6 Haziran 2013 tarihinde BirGün gazetesi Uçan Hollandalı köşesinde yayınlanmıştır.
------------------------------------------------------------
Emrah Serbes, 3 gün önce televizyon ekranlarında, Ece Temelkuran ve Banu Güven’in programına telefonla bağlandığında, polisin Beşiktaş çarşısına ısrarla müdahale etme çabalarını anlatıyor ve o ezberlediğimiz sloganı tekrarlıyordu. “Allah affeder Çarşı affetmez”. O, bunları söylerken yanında İstanbul’un diğer 2 büyüğünün taraftarları ve tabii ki diğer takımlara gönül vermiş futbol sevdalıları da mevcuttu. Taksim’in bugüne kadar yanından geçerken şöyle bir baktığımız Gezi Parkı’nın, bir ulusu bu kadar saf şekilde birleştireceği kimsenin aklına gelmiyordu.
Sokaklarda günlerdir protesto gösterilerine katılan insanlar, 1980’li yıllar ve sonrasında doğmuş insanların hiçbirinin görmediği bir eyleme imza attılar. İsyan ettiler, haklarını aradılar, bunu yaparken baskılara, zalimliğe, hayata kasteden şiddete rağmen yılmadılar ve hedeflerine doğru yürürken içlerindeki çürük elmaları hep temizlemeye çalıştılar. Onlara sırtını dönen sağduyu yoksunu insanlar ve ülke basını, olayları çarpıtmaktan ve hadiseyi analiz etmekten çok etiket vurmaktan hiç çekinmezken, onlar kendi içlerinden çıkan bilgi kirliliğine yine tepki gösteren oldular. Modern futbol tarihimizde polis şiddetini en fazla yaşamış grup olan stadyum sakinlerinin de bu süreçte aktif rol oynamaları kaçınılmazdı. Önce Galatasaray, Fenerbahçe ve Beşiktaş formalı insanlar sokaklarda yanya
na yürümeye başladılar, sonra birbirlerine yardım etmeye. Daha sonra da bu iş taraftar gruplarının resmi açıklamalarına ve doğrudan olaya müdahil olmalarına kadar gitti.
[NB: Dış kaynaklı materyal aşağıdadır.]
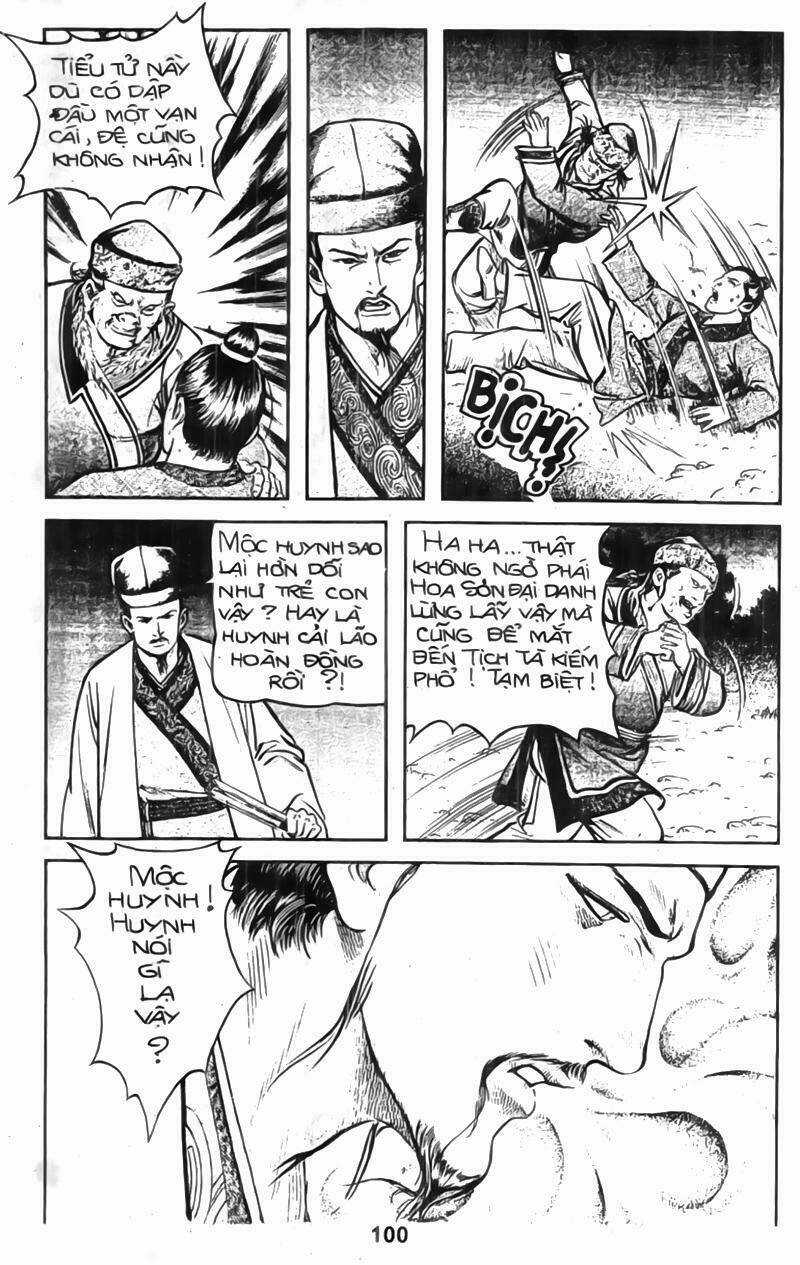 Tiếu Ngạo Giang Hồ Chapter 18 trang 12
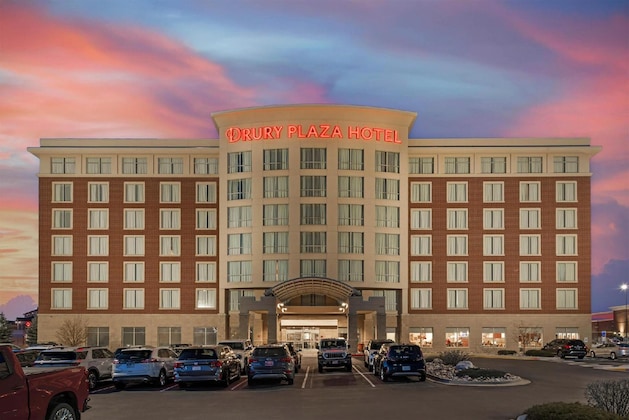 Gallery - Drury Inn & Suites Colorado Springs Near The Air Force Academy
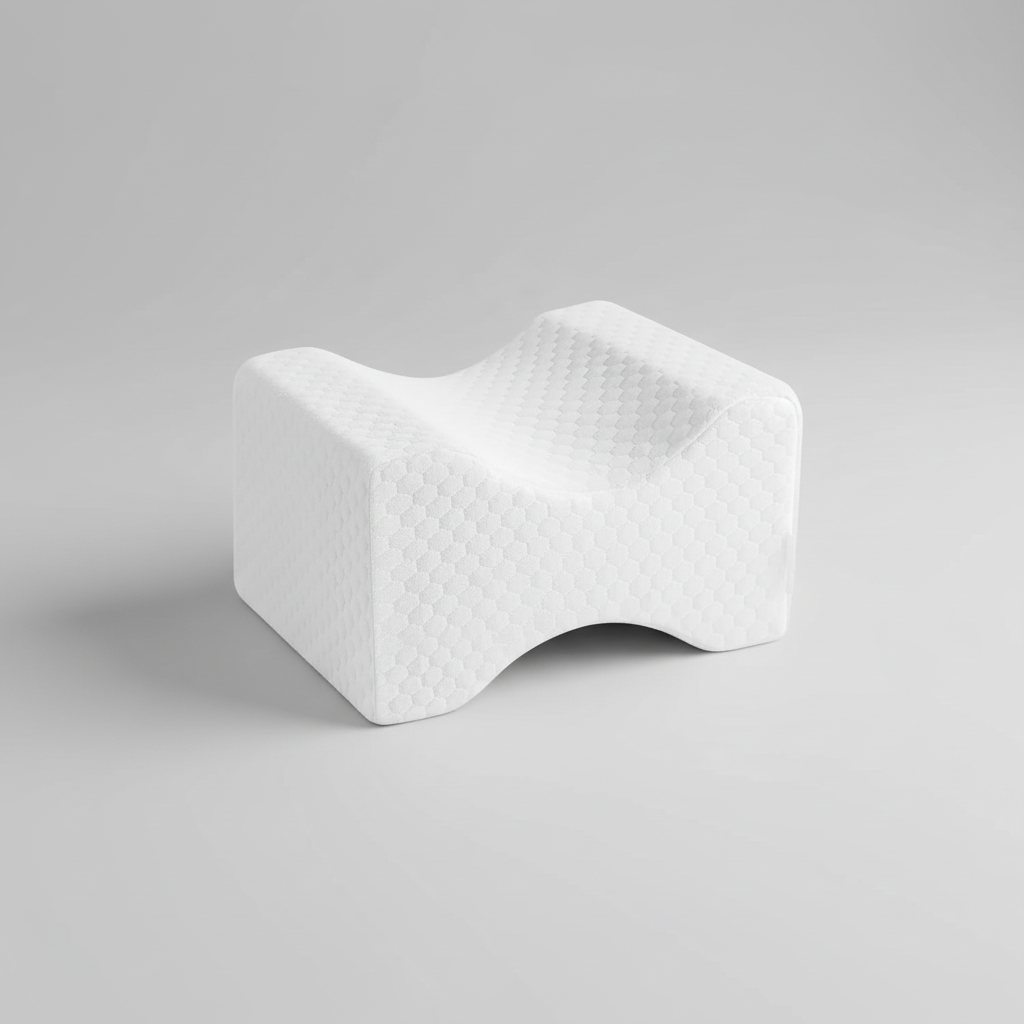 Nordspur | RestoraKnee Contoured Memory Foam Knee Pillow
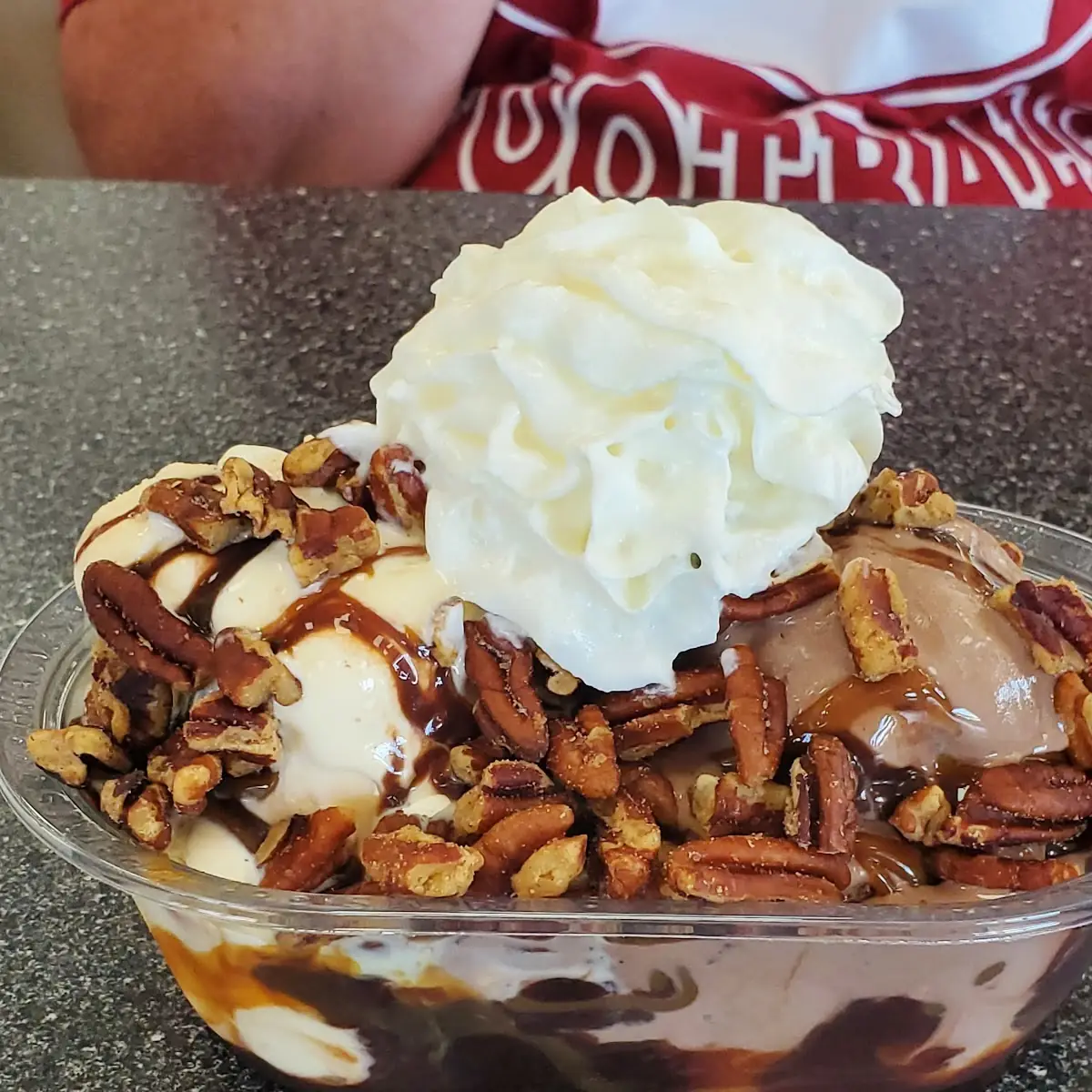 Turtle Sundae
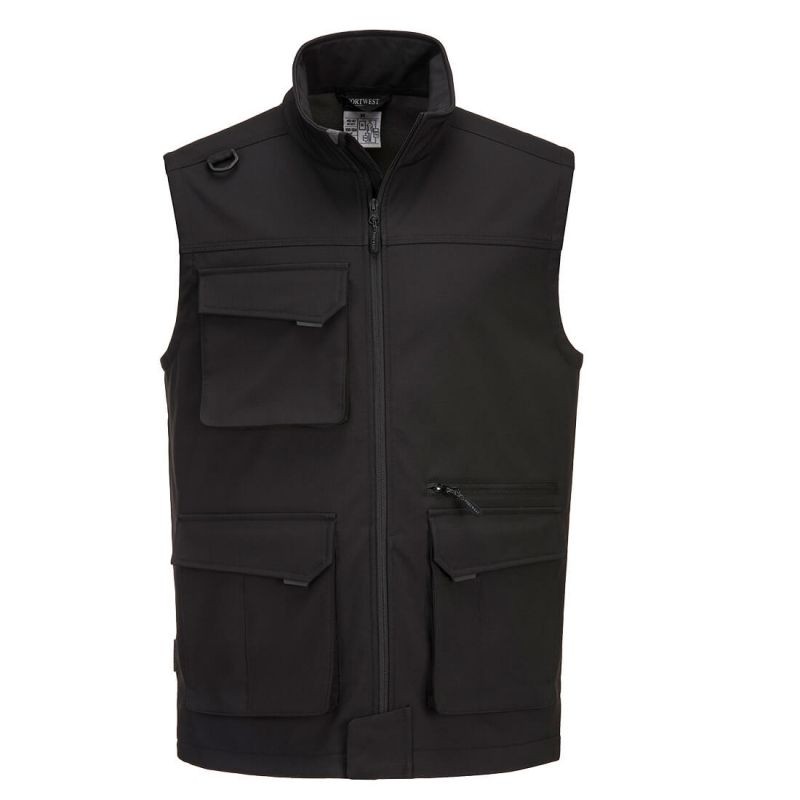 Kx363 Gilet Softshell Kx3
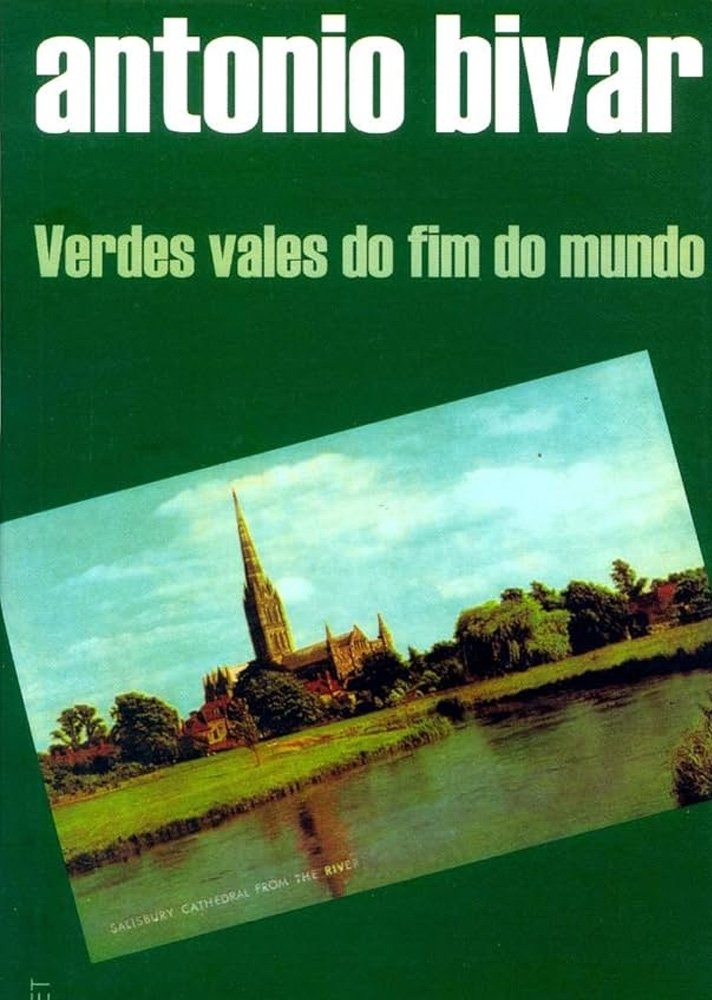 Poster de Verdes Vales do Fim do Mundo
Ne ilginçtir ki, yıllardır “çapulcu” olarak nitelendirilen bu adamlara binlerce yoldaş geldi. Başbakan sokaklardaki kalabalıkların tümüne aynı sıfatı yakıştırdığında aslında her hafta tribüne koşan insanlarla, oraya mesafeli duranın arasında bir fark olmadığını da adeta itiraf etmiş oluyordu. Bu, aynı zamanda daha çarpıcı bir gerçeği de farketmemizi sağlamalı. Bizim kulüp rekabetlerimizin altında ne Glasgow’daki gibi mezhep, ne Hindistan’daki gibi kabile, ne Güney Amerika’daki gibi gelir farklılıkları yatıyor. Tribünlere, bugün üzerine püskürtülen biber gazıyla aynı miktarda püskürtülen nefret anlayışının aslında ne kadar kolay aşılabileceğinden ders almalıyız. Bu ülkenin futbol sevdalıları, birbirini sokak aralarında kıstırarak değil kurtararak ona daha fazla hizmet ediyor ve topluma örnek oluyor. Evet son tahlilde yok birden farkımız işte, sadece bizi bir araya getirecek bir motivasyon gerekiyor, üstelik coğrafyanın getirdiği kıvrak zekalık anında ortaya çıkıyor. Günlerdir sosyal medyada gördüğümüz bütün yaratıcı sloganlar, duvar yazıları ve posterler bu halkın hiçbir art niyet olmadan ve ne güzeldir ki, çok şey borçlu olduğu doğaya kol kanat gerdiğinde nasıl asil işlere imza atabildiğini gösteriyor.
Büyüklerimiz
O meşhur devlet büyükleri günlerdir küçülmekle meşguller, bundan sonra onlara “devlet küçükleri” demek daha doğru olur. Dünya tarihi boyunca yönettiği halkı kaale almayan, uyarılarını dinlemeyen, tarihi içinde bulunduğu şartlarda yorumlamak yerine başına buyruk davranan her yönetim bir süre sonra o tarihin tokatını yemeye mahkum olmuştur. Ne AKP hükümeti bu tarihin üzerindedir ne de bu gidişi değiştirmeye tarihin en yüce simalarının gücü yetebilmiştir. Mutlak yönetim hakkını sandıktaki zaferden aldığını ileri süren ve her fırsatta birilerinin sandık zamanı nerede olduğunu soran başbakan, demokrasi ve yönetim sanatının, muhalefeti, kendi iktidarına karşı korumak olduğunun da farkına varmalı. Bir zümrenin verdiği iktidar, o zümrenin dışında kalanları aşağılamak hakkını değil, toplumun tümünün özgürlüğünü sağlama kudretini de beraberinde getirmelidir. Maalesef bunlardan hiç nasibini almamış ve kendi halkına manasız inat içinde kin güden bir yönetimle mücadele ediyoruz. Nobel ödüllü Nijeryalı yazar Wole Soyinka’nın dediği gibi, bir adam tiranların karşısında sessiz durduğu gün gerçekten ölmüş demektir.